Tant que jean daniel ne dénonce pas la fraude qui s’ est emparée de nos institutions pour elire boutef;tant que jean daniel ne prend pas position contre le viol de la constitution qu ‘a réalisé le pouvoir algérien, il n’est plus pour moi un intellectuel engagé .sa position et ses liens avec l algérie l ‘oblige à afficher ses idées dans ce gros probléme algérien.il pourra alors parler de l’AFRIQUE et contester ségoléne ROYAL qui peut ne retenir que ce dont elle a honte du discours de sarko…le silence condamnable de j-DANIEL dans la farce électorale algérienne lui fait perdre toute estime et toute crédibilité quant à ses amities avec l afrique et les peuples de l afrique.

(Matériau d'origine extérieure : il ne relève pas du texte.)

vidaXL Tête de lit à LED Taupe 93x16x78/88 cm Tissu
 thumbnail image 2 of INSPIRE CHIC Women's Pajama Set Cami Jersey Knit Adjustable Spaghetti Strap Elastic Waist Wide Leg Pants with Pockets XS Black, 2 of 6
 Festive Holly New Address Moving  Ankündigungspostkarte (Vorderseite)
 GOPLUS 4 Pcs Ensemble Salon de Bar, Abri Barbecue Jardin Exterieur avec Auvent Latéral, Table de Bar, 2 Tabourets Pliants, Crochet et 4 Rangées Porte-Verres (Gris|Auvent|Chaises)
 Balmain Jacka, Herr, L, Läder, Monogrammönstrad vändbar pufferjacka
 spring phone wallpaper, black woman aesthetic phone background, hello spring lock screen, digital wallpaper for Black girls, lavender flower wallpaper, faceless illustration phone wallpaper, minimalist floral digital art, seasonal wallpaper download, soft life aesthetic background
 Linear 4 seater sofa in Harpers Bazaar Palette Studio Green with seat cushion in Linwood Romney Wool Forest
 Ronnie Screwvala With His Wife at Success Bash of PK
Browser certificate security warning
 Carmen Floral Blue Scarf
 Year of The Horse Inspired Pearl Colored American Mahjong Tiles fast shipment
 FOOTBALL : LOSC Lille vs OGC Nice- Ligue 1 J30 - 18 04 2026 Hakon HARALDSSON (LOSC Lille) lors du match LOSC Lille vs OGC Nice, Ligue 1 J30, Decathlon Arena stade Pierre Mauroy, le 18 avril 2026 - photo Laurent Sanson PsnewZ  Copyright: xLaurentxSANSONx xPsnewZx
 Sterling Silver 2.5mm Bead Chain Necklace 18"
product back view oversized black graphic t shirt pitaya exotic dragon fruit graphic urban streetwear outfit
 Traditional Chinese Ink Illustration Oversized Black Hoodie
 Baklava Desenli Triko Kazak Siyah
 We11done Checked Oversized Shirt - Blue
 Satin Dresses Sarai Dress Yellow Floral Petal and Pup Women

Ce sont ces soi-disant amis des états africains à l’image de l’Algérie mais ce sont les ennemis du peuple africain. Détrompons nous, ils sont les amis de nos bourreaux qu’ils soutiennent et protégent. L’état français et ces relais ne sont pas les amis des Africains, ne soyons pas dupes…C’est eux qui empêchent toute évolution salutaire car ce statuquo leur profite.Il demeure toujours l’Éternel colonisateur avec la complicité de nos gouvernants dictateurs..C’est cela la réalité .Si nous ne nous prenons pas en main compter pas sur nos bourreaux pour nous délivrer..Tout ce négocie en coulisse sur notre dos.